Established by Congress and President Theodore Roosevelt in 1906, the park occupies 52,485 acres (212 km2) near the Four Corners region of the American Southwest. With more than 5,000 sites, including 600 cliff dwellings,[2] it is the largest archaeological preserve in the United States.[3] Mesa Verde (Spanish for "green table", or more specifically "green table mountain") is best known for structures such as Cliff Palace, one of the largest cliff dwellings in North America.
Starting c. 7500 BC Mesa Verde was seasonally inhabited by a group of nomadic Paleo-Indians known as the Foothills Mountain Complex. The variety of projectile points found in the region indicates they were influenced by surrounding areas, including the Great Basin, the San Juan Basin, and the Rio Grande Valley. Later, Archaic people established semi-permanent rock shelters in and around the mesa. By 1000 BC, the Basketmaker culture emerged from the local Archaic population, and by 750 AD the Ancestral Puebloans had developed from the Basketmaker culture.

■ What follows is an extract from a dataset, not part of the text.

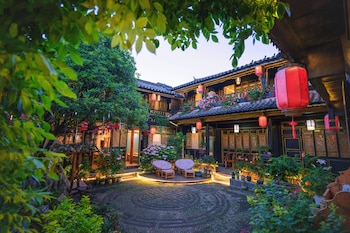 yiyuan snow mountain view historical naxi house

The Pueblo people survived using a combination of hunting, gathering, and subsistence farming of crops such as corn, beans, and squash (the "Three Sisters"). They built the mesa's first pueblos sometime after 650, and by the end of the 12th century, they began to construct the massive cliff dwellings for which the park is best known. By 1285, following a period of social and environmental instability driven by a series of severe and prolonged droughts, they migrated south to locations in Arizona and New Mexico, including the Rio Chama, the Albuquerque Basin, the Pajarito Plateau, and the foot of the Sangre de Cristo Mountains.